Он целовал её лицо, гладил её тело, стараясь расстегнуть все попадавшие под пальцы пуговицы. Она смущённо засмеялась:

― Подожди. Так ничего не выйдет ― мы слишком не по-летнему одеты.

Она быстро встала и, едва слышно бросив «сейчас», исчезла в тёмном проёме, ведущем в соседнюю комнату. Было слышно, как она, нервно теребя ключ, открывала шифоньер и спешно выбрасывала на пол какие-то вещи. Вернувшись с ворохом постельного белья, она торопливо разбросала его по дивану, и быстро раздевшись, со словами «Боже, как здесь холодно» юркнула под одеяло:

― Ну, не стой же, как манекен! Я ведь просто околею…

Выйдя из оцепенения, Евгений так же быстро последовал её примеру. Постель оказалась холодной и слегка влажной, но Лена, ещё не остывшая после вальса, излучала тепло.

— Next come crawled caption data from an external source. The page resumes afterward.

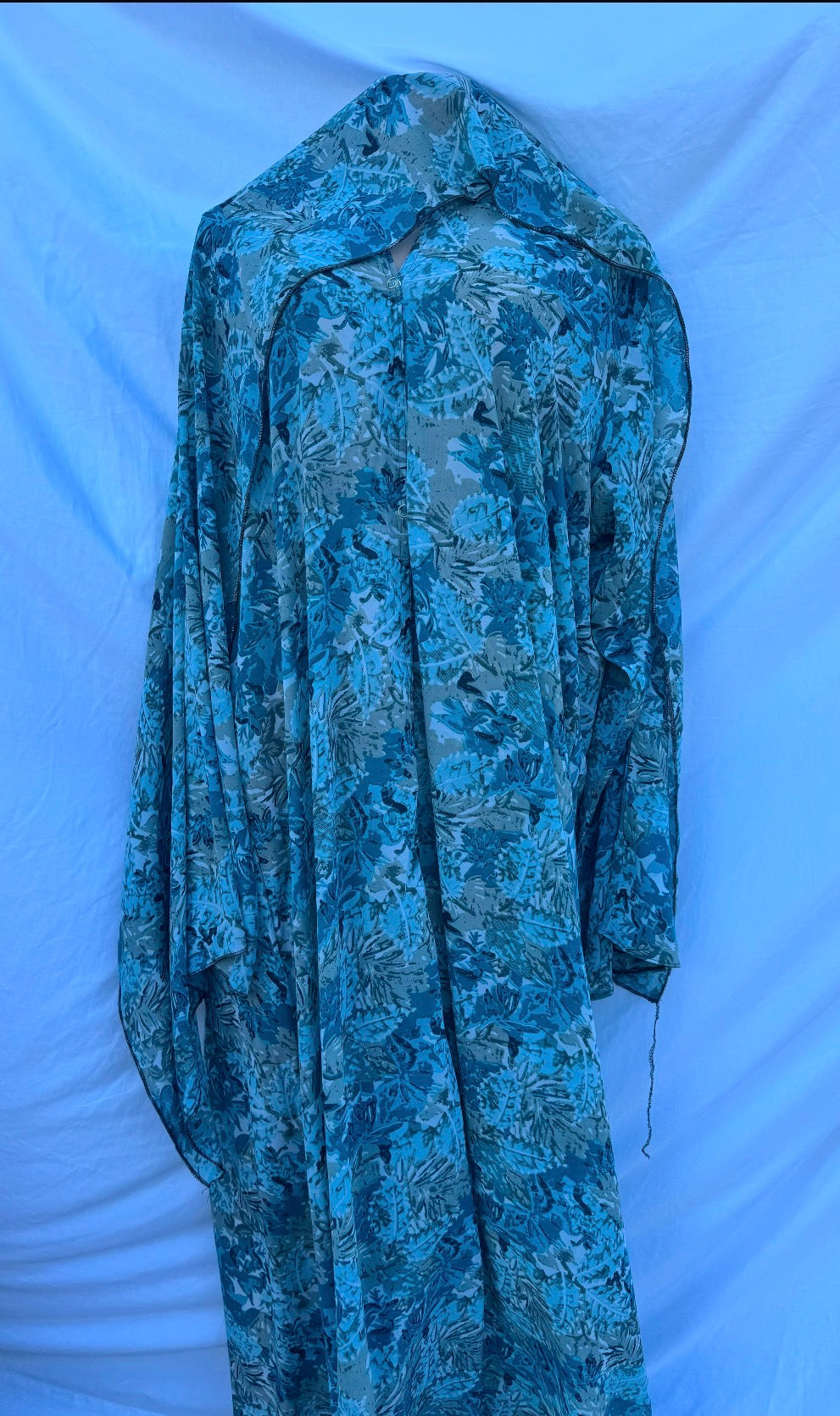 Ocean Breeze Abaya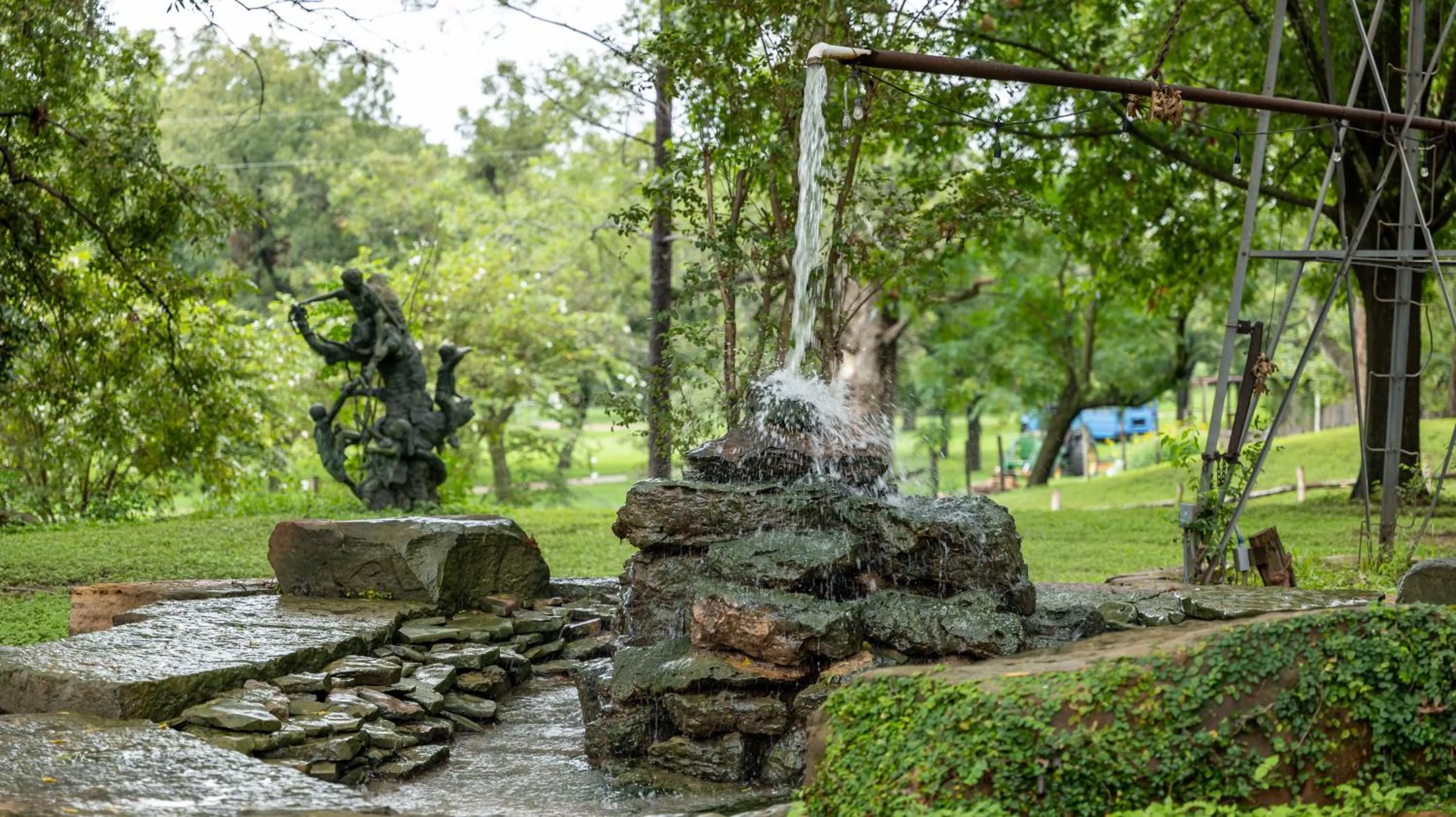 Area and facilities in Moon River Ranch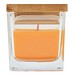 Duftkerze GLOW,orange / Orange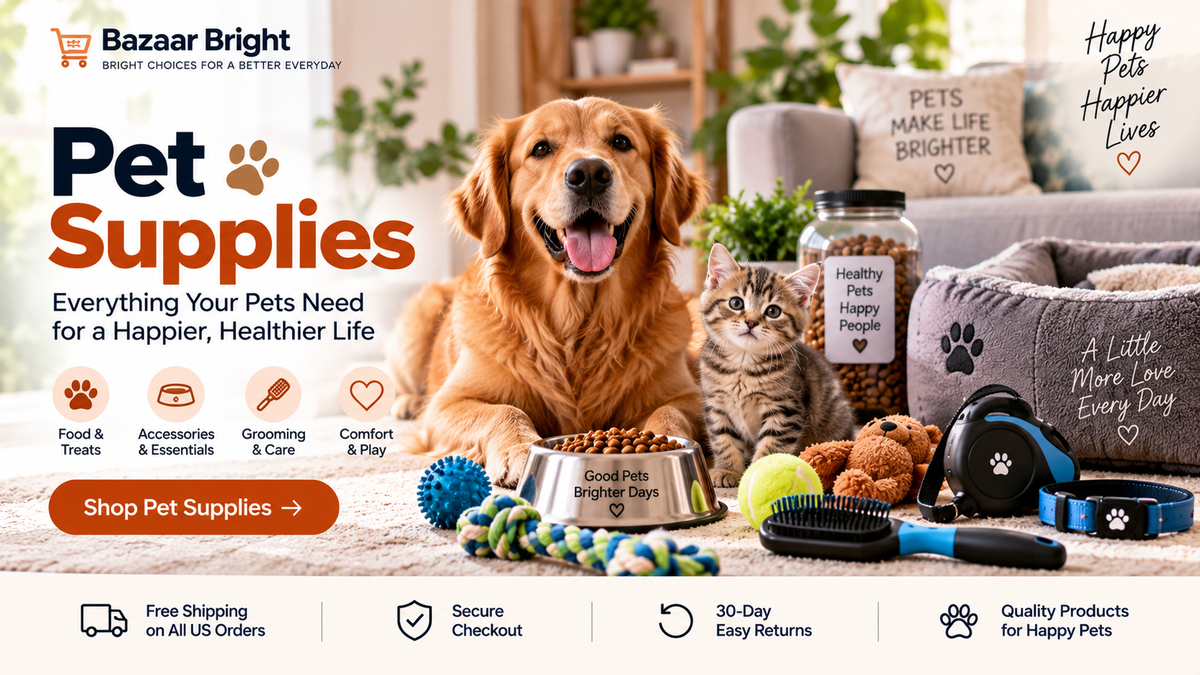 Pet Supplies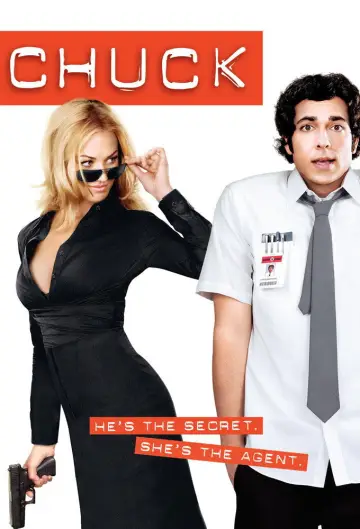Plakat do serialu "Chuck" #1783184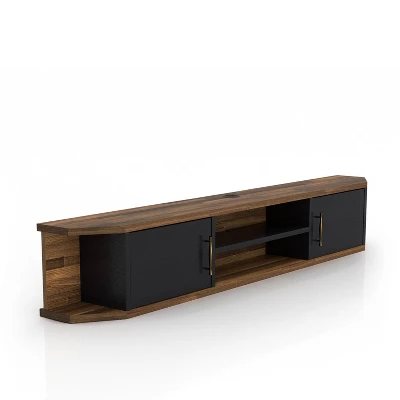 Deschutes Floating TV Stand For TVs Up To 75" - MiBasics - Image 9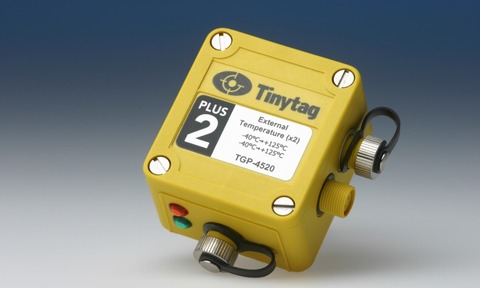 Tinytag data loggers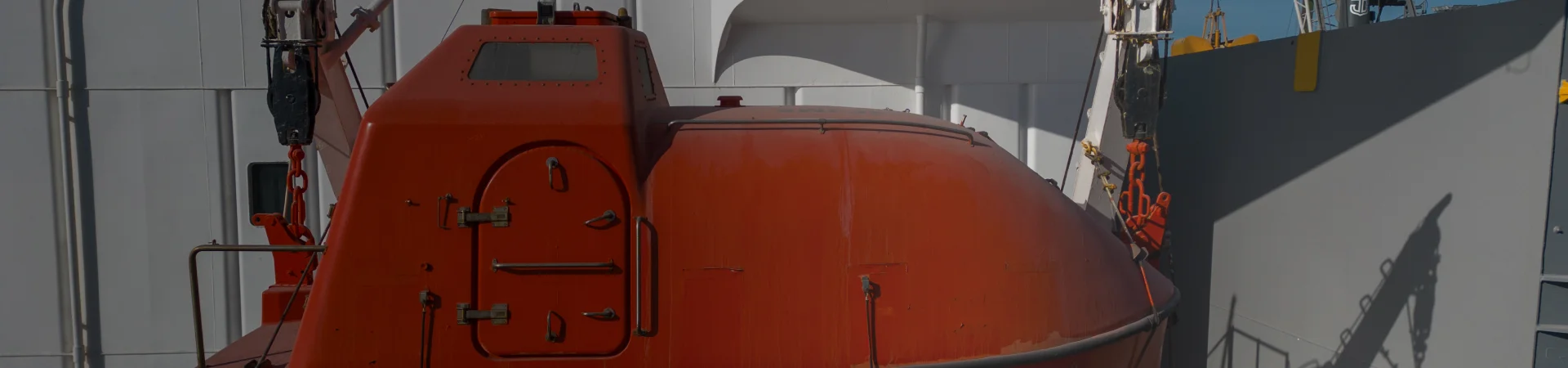 PSCRB (Proficiency in Survival Craft & Rescue Boats)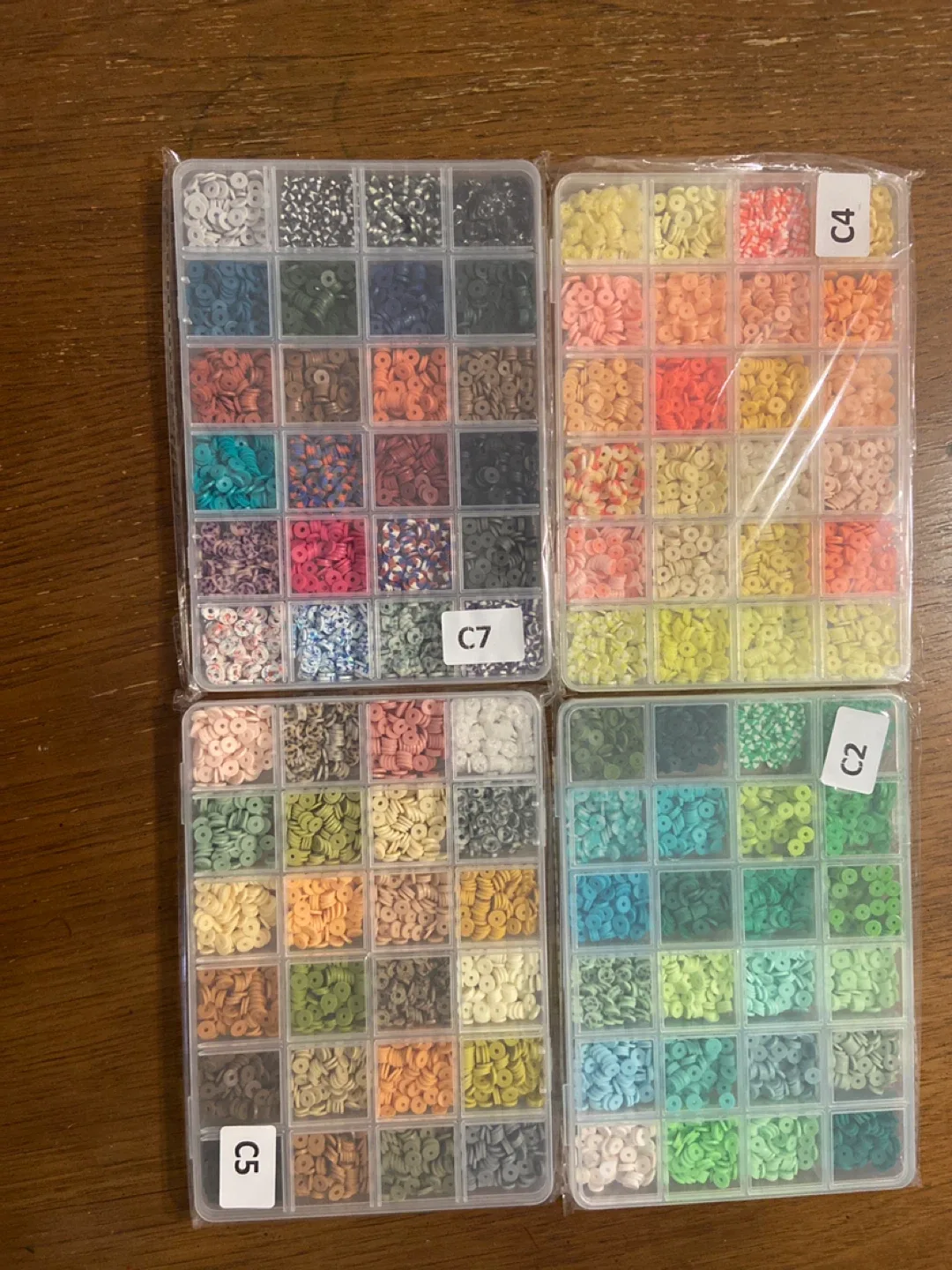 DIY Jewelry Making Gifts Clay Beads Kit image indicator(2)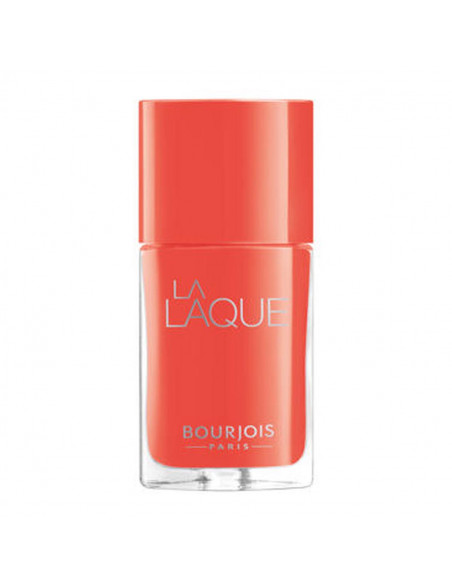 Bourjois La Laque Gel 03 Orange Outrant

Обрывки детских воспоминаний, что-то более позднее, какие-то моменты недавней жизни за несколько секунд пронеслись в его голове и вместе со всем остальным миром канули в бездну, оставив в мыслях и ощущениях только её. С пространством и временем что-то случилось, и Евгению стало казаться, будто только сейчас он расчёсывал ей волосы, но она больше не посмотрела на него прищуренными глазами и ничего не спросила насмешливым тоном, и потому теперь всё было иначе. В этот момент Евгений уже не сомневался, что это была она, та самая синеглазая девочка в белом платьице с оборками. И если бы она сейчас спросила его, как тогда, он ответил бы ей иначе. «Да, ― хотелось сказать ему. ― Мне понравилось. И я не отдам твою расчёску. Никогда!»

Но судьба решила по-иному. Они ещё долго встречались, но, в конце концов, всё же расстались. Первая любовь в большинстве случаев уходит, опалив сердца тех, кого коснулась. А в памяти Евгения Лена навсегда осталась кружащейся по комнате в неудержимом вальсе, который он про себя назвал лунным. А была ли это действительно та самая девочка из милых детских воспоминаний? Кто знает. Об этом Евгений никогда с ней не говорил, не желая разрушать чудесную иллюзию. Да и так ли это важно?